ACTIVITY »
Without any of the pictures, transcribe all the lines below exactly.

GIVEN DATA »
※ ※ ※

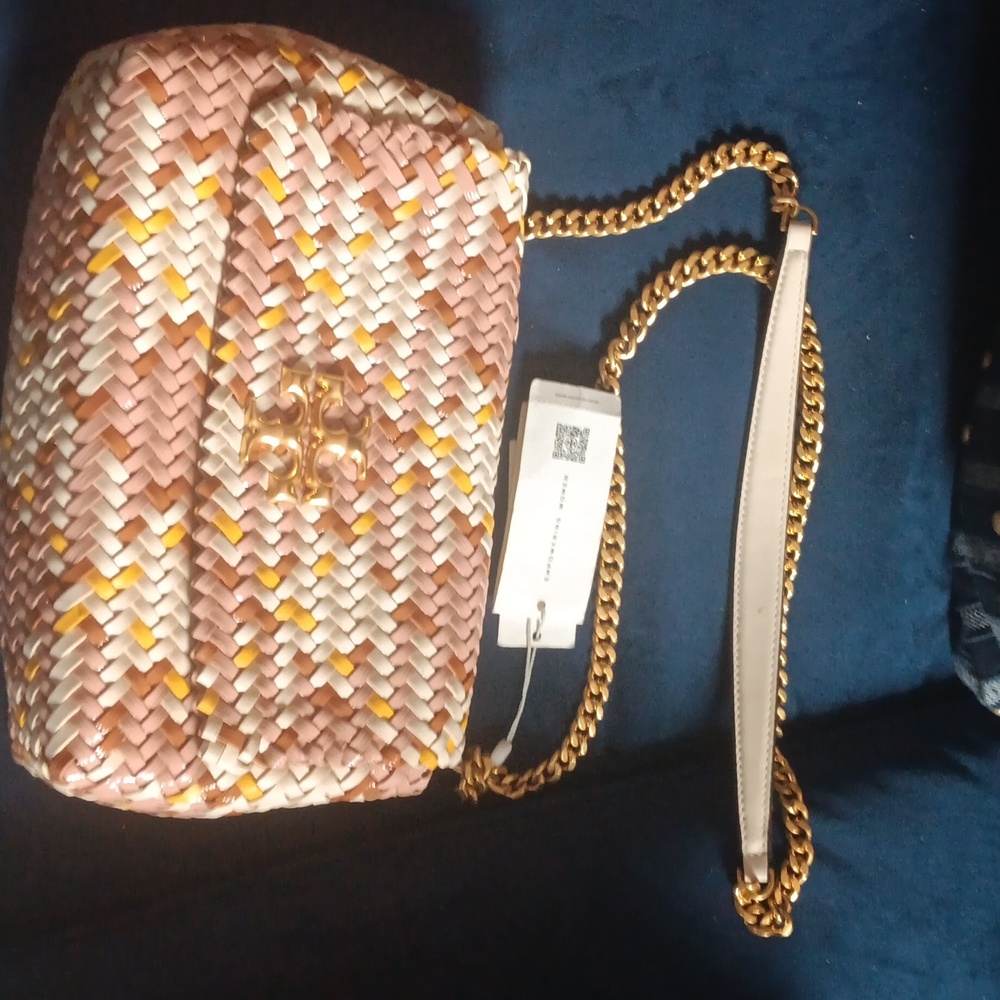 Purse - Picture 3 of 3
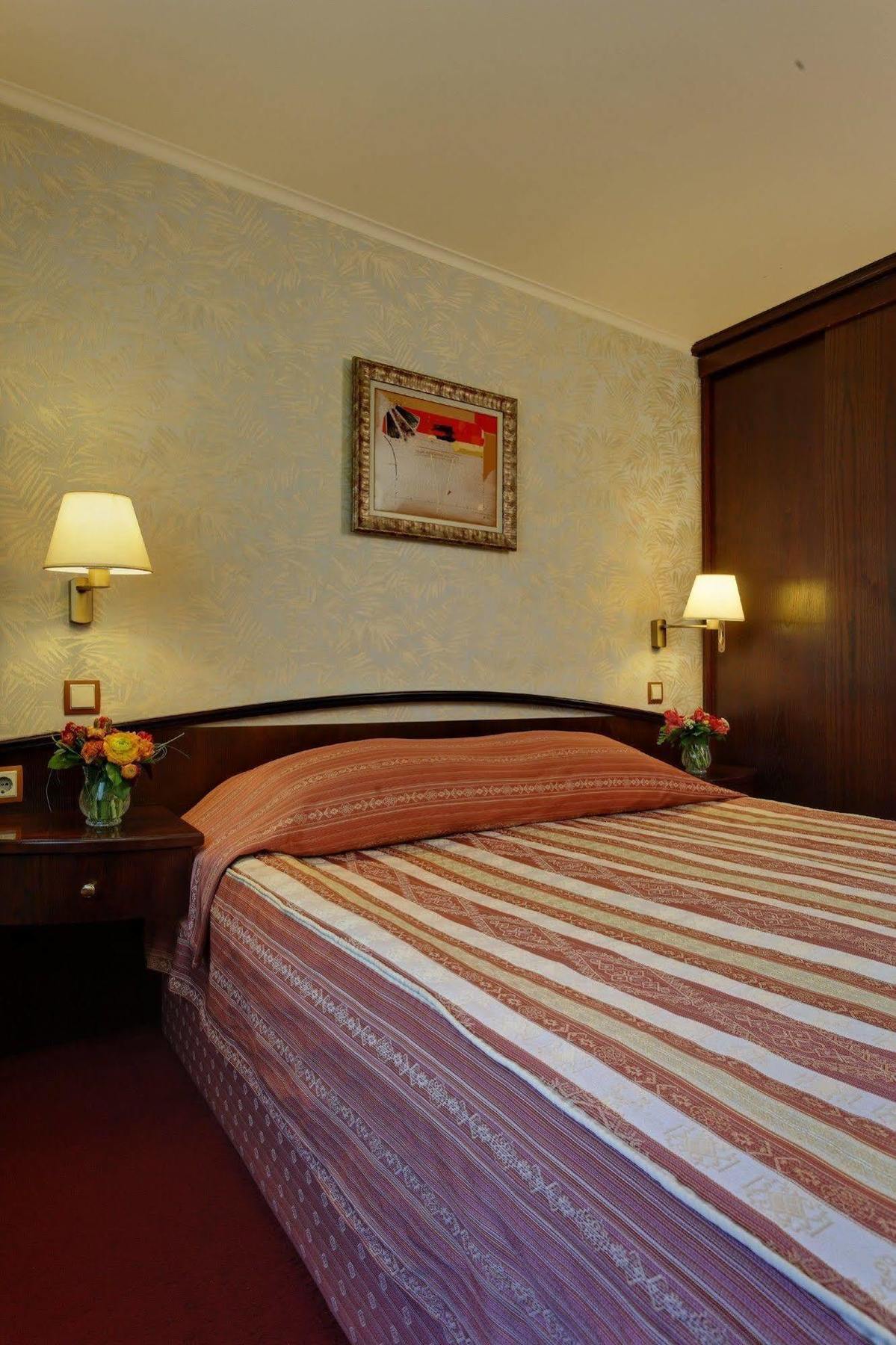 Capitol Hotel Varna Exteriér fotografie
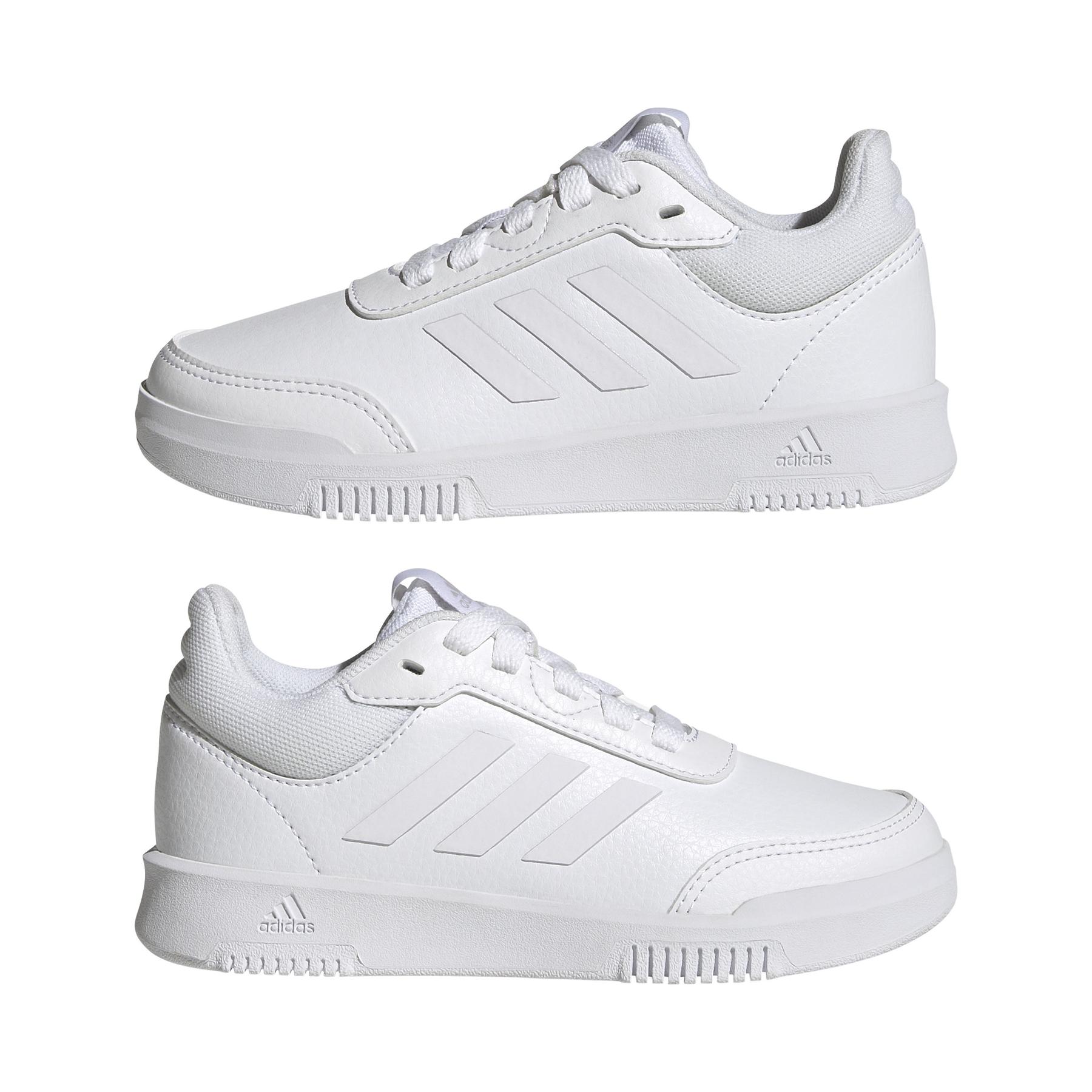 product/a/d/adidas_gw6423_10_footwear_photography_mirrored_pair_view_white_000.jpg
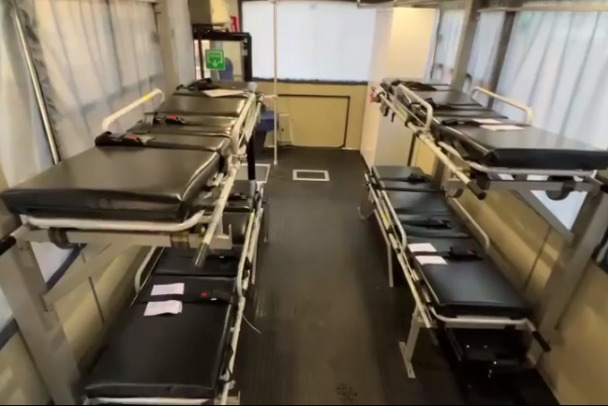 Видео: Ленобласть показала санитарный автобус для эвакуации раненных в зоне СВО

※ ※ ※

RESPONSE »
 Purse - Picture 3 of 3
 Capitol Hotel Varna Exteriér fotografie
 product/a/d/adidas_gw6423_10_footwear_photography_mirrored_pair_view_white_000.jpg
 Видео: Ленобласть показала санитарный автобус для эвакуации раненных в зоне СВО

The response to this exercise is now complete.